An Extremely Unofficial Dota Matchmaking FAQ part 2

Gonna jump right back in to where we left off yesterday.

5. So what’s all this about smurf detection?

The short of it is that there’s many reports of new accounts getting sent into high and even very high games after an extremely short time of being active.  Under 5 games in a lot of cases.

Let’s first examine why something like this isn’t usually possible.

Going back to the LoL example, let’s say we have a new ranked player who belongs at 1800, which is pretty close to the platinum ranking.  How many games would it take to reach 1800 if we assume +20 per win and -20 per loss?

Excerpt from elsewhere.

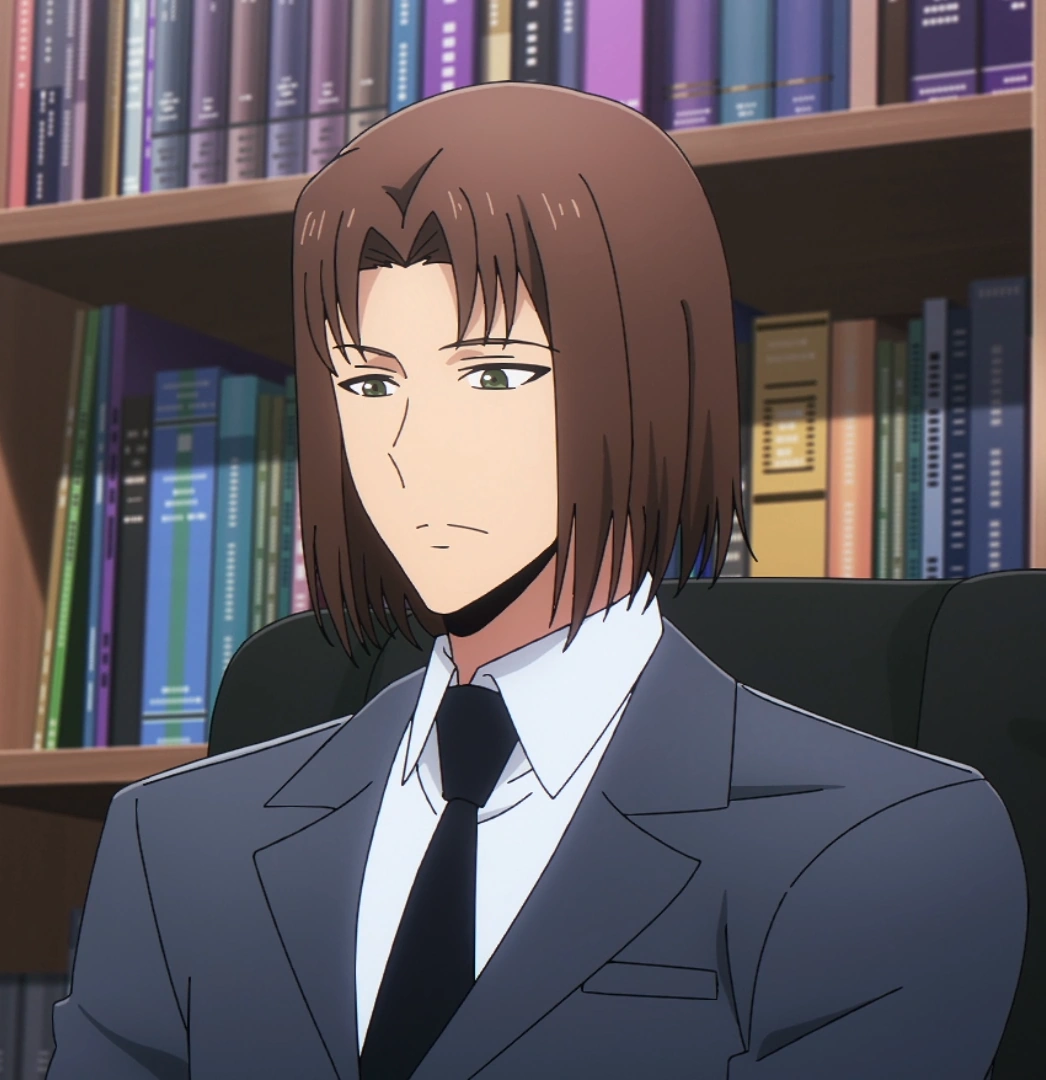 Reiji Sugimoto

The answer of course is that it depends on the win rate, but if matchmaking is working properly the win rate shouldn’t be a constant.  For the sake of simplicity we’ll claim that the win rate of the player by the time they hit 1800 is 60%, which implies their win rate at 1200 might be something closer to 65% or possibly even higher.

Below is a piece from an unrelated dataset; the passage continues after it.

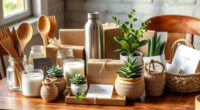 top sustainable gift ideas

So at a 60% win rate the player should gain 40 rating every 10 games for an average of 4 rating a game.  For them to gain 600 rating they would need to play 150 games before they hit their proper rating.

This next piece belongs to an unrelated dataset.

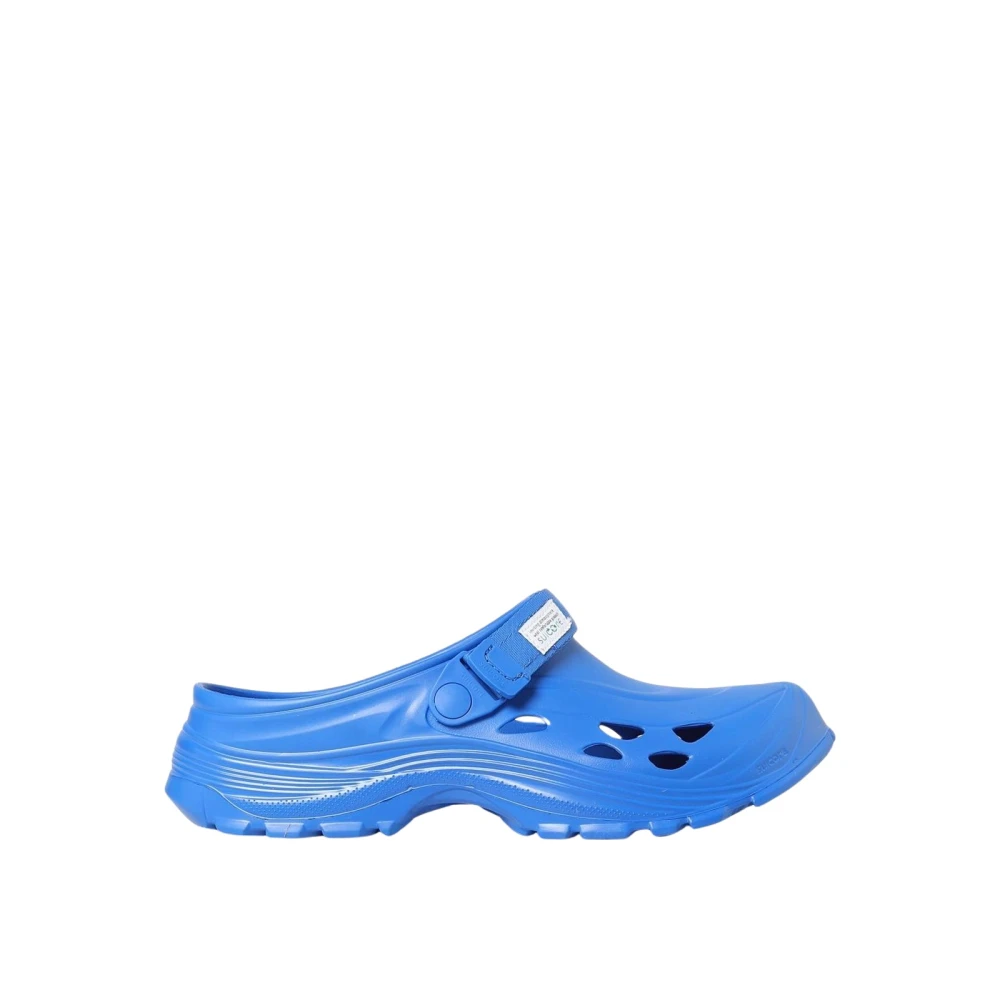 Shoes > Flats > Clogs - - Suicoke - Modalova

150 games is a long time.  At a generous estimate of a half hour a game that’s 75 hours of playtime before you hit your proper rating.  This isn’t that far fetched.  Microsoft’s description of their Trueskill system claims that in a 4v4 game it can detect each player’s rating in 46 games.  But it goes on to say that “The actual number of games per gamer can be up to three times higher depending on several factors such as the variation of the performance per game, the availability of well-matched opponents, the chance of a draw, etc.”  Dota can’t have draws, but Dota and it’s genre companions have huge issues with the other factors.

Variation of performance per game is a no-brainer.  There are nearly 100 heroes.  They have ideal line-ups, and less ideal line-ups.  They have vastly different playstyles, and your average player is going to not be equally skilled with all of them.  From the perspective of consistency the game is a nightmare, and while this makes for a better game it wreaks hell on effective matchmaking.

But think about the “availability of well-matched opponents.”  If it ends up taking nearly a hundred hours for the game to figure out your skill level, then that’s also true for everyone else in every game you get matched with.  If the average playtime of the 10 players in the game is under 25 hours, the matchmaking is essentially a weak educated guess.  This undermines the effectiveness of the results, which makes the matchmaking take even longer to detect player ratings, which undermines the effectiveness of even more future games, and so on, and so on.

So wouldn’t it be ideal if we had a way to estimate a players skill based on their individual performance without having to even consider the match results at all?

6. But you can’t do that!  Stats without context are meaningless!

Not technically a question, but it’s a legitimate complaint.  Dota is an extremely complicated game.  We have detailed stats, but the value of any particular stat is extremely situational because of all the feedback loops built into the game.  Judging players exclusively by CS/min or K+A/D is dumb, and I do not in any way believe this is what Valve is doing.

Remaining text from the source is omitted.